一聽說沒有性命危險,徐延康夫妻同時鬆了口氣。在他們看來,臉上劃了道口子,反而是小事情,現在整容技術這麼發達,這點問題絕對可以解決。
只是到底還是心疼自己的寶貝兒子,徐延康再看另一個兒子真是怎麼看怎麼不順眼,他無視了同樣狼狽的徐子安,冷冷地說道:“你滾吧,我們徐家從來不欠你。”
這是要和徐子安斷絕關係了。
景曦下意識看向男人,卻見他完全沒有被打擊到的樣子,非常乾脆地朝他揮了揮左手:“抱歉,我八年前就已經滾了,現在的話,已經滾遠了哦~~”
萬分配合的模樣,氣得徐延康一句話都說不出來。
徐子安嘴角噙著一抹笑意,單手勾住景曦的肩膀:“寶貝,我們走吧。”
從醫院出來,景曦去路邊攔車。
徐子安的車不知道撞成什麼樣子了,反正於即熹也不會開,所以兩個人都沒去管它。
帶著微微寒意的夜風從城市的高空穿梭而來,景曦看了眼徐子安裸露在外的半截臂膀,把他搭在手裡的外套給對方披上。
無聲的關心讓徐子安眼裡的光亮轉深。
他沒有再問少年還生不生氣的問題,景曦也沒有追問他車禍是不是故意而為之的……有些妥協,彼此之間心知肚明就好,沒必要非得說出來。

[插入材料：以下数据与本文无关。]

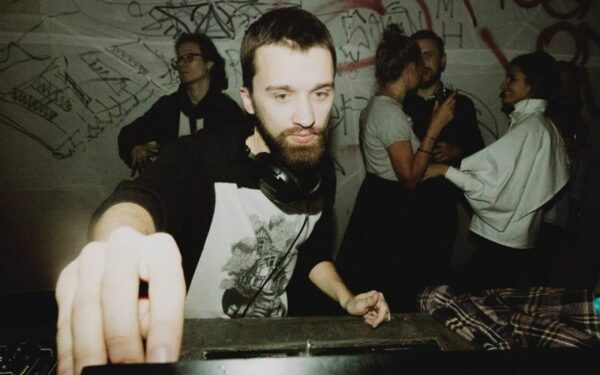 Penktadienio DJ: Ponty Mython savaitgalio tonai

看著少年小心翼翼地呵護著他的右手不讓過路的人碰到,徐子安垂下眼目光從自己受傷的手臂上緩緩掃過,然後,得逞地笑了。
——無論用什麼手段,只要能夠留住你,我都會去做。
☆、第50章 第四個金手指
四年後。
在家裡宅夠了的景曦在距離徐子安公司不遠的路口開了一家花店,品種琳琅滿目,應有盡有。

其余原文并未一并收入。